We have no choice as to whether we are to 'possess,' but only
what we are to possess and how we are to use it.
Our possessions encompass far more than material things. They
include our time, our personal space, ideas, dreams, our skills
and abilities, our emotions, projects, virtue, spiritual health,
whatever we might claim as 'mine.'
How we dispose of our possessions is an act of faith, good, bad,
or mediocre. The specific way in which this faith is enacted is
in our response to the needs of others in our lives.
The response of faith in the use of our possessions is never
once-for-all, but is a life-long series of responses to God who
constantly moves ahead of us (Ibid. p. 7) and points out, with
disturbing and accurate discernment, the widows, who, in the use
of their possessions, illustrate what giving is all about.
A pastor-acquaintance of mine discovered that a former parishioner,
and a widower, had precipitated a family crisis because of the
man’s "distressing mental state", the pastor was
told.
When the pastor asked what happened he was told, the children
became distressed about the father’s mental well being.

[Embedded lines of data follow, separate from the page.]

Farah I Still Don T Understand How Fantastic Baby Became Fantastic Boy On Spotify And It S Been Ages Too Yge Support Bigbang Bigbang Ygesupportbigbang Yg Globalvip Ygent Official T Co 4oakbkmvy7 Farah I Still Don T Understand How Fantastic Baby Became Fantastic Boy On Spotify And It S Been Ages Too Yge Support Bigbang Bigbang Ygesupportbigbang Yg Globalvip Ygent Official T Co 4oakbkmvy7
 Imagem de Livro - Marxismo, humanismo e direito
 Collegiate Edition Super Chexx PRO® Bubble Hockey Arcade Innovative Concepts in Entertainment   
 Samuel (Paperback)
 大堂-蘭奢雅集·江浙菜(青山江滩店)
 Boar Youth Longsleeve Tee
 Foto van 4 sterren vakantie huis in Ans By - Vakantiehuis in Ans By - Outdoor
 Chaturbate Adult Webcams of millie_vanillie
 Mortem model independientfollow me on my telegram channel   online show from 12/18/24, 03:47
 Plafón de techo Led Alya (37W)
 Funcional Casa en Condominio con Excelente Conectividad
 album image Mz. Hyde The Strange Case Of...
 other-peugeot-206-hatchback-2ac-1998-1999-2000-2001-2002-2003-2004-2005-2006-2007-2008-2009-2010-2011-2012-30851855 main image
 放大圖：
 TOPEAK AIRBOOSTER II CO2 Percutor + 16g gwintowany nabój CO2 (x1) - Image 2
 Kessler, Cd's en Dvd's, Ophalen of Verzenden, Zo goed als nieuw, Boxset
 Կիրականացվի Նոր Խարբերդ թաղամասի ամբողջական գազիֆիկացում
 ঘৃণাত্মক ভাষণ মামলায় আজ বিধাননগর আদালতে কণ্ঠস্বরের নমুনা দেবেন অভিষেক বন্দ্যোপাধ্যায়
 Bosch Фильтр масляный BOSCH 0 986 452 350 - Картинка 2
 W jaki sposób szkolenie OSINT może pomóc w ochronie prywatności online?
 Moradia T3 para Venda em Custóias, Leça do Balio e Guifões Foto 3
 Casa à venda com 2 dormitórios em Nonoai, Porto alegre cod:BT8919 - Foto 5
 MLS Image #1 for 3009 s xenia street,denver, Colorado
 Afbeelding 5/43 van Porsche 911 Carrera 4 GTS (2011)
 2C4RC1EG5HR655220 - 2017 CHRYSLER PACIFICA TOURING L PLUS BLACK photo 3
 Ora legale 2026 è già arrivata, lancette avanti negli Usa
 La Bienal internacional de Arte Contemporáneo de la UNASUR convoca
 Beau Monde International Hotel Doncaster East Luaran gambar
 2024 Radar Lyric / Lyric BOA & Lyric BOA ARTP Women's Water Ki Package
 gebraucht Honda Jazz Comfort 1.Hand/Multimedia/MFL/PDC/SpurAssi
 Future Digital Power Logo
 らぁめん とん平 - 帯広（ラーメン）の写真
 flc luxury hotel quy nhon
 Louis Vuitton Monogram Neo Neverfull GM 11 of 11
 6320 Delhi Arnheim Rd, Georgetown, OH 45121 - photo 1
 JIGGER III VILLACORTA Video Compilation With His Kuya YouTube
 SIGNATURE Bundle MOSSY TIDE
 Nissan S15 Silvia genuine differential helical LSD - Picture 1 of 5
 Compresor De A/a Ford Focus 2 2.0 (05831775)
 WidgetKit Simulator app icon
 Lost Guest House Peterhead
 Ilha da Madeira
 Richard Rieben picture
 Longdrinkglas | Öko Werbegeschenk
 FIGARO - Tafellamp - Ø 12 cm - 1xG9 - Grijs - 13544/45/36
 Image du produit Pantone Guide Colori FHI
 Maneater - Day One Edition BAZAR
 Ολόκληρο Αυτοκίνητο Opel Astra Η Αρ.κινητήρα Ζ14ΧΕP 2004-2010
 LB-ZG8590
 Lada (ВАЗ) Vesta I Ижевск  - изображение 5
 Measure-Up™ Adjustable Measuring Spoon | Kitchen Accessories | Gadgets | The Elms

It seems that dad had volunteered, in his retirement, to work
a couple of days a week in a church-sponsored food cupboard. The
next thing the family knew was that dad had gotten so involved
at the food cupboard that one day he sat down and wrote the food
cupboard a check for $100,000. Just like that! With no discussion,
no apparent forethought or family consultation, he handed over
$100,000. This was most of what was left of his life savings.
Of course his children thought he had gone off the deep end, so
they forced him into a nursing home where he would receive supervision.